株価も比較的高い水準を維持しているようだし、輸出も好調、車は国内でも売れ行きが良いらしい。このように書いてみると、昨日見たり聞いたりした話は結構なことばかりではないか。残念なのは我が身に当てはまることが一つもないことだ。婆さんは不貞腐って「そんなの3月までのことよ。4月から消費税が上がるから見ていなさい。野菜なんかの買回り品の値上がりが半端じゃないんだから。この灯油だって1950円もしているのよ。」

「一般的に見て、給料がそんなによくなっている筈はありっこない。」娘二人も主婦だし、親戚や友人を含めて婆さんの情報ネットワークは普段から恐るべき広がりを持っている。今は師走の半ばで、お歳暮のお礼やら、喪中はがきを貰ってのお悔みやら、情報交換の機会がより増えるシーズンでもある。長電話を駆使した婆さんの景気観測は、なかなか厳しいものがある。一方こちらは、年金暮らしで、特にしたい事や買いたいものが無いのを幸い、倹約を旨とした生活に馴染んでいる。

たまに会話を交わす相手も殆どこちらと似たような浮世離れしている連中なので、景気の動向なんかは話題になり難い。まぁ、娘の家族のことなど考えると日銀短観を信じてやりたいのだが、連れ合いの言うことにも一理あるかもしれぬなんて思ったりして。
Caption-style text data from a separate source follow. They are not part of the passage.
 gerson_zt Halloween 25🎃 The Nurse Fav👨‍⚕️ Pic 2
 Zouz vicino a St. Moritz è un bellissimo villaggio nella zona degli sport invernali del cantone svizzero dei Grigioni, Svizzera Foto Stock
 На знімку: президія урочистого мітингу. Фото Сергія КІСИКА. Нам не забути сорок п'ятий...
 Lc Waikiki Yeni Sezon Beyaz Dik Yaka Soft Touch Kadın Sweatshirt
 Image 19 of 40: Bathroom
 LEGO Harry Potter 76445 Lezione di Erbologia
実は先日高校同窓会で聞いた講演の中で、超電導の研究では日本随一とされる北澤宏一先生が面白い事を仰っていた。曰く「経てものはですね、科学計算に基づいて将来予測をする場合、良くなると答える人が半分くらいと悪くなると回答する人が同じくらい必ず出てきます。回答が一方に偏らないのが経済というもので、いつの世でも儲ける人と損する人の両方が出るようになっています。」「私は、今後原発の停止状態が継続することで日本の景気は良くなると思います。」と締めくくられた。

日銀総裁を含め政治の世界でも、景気について尤もらしい議論が続くが、先生から見ると「何を下らぬことを言っているのか。喝!」と言うことかもしれぬ。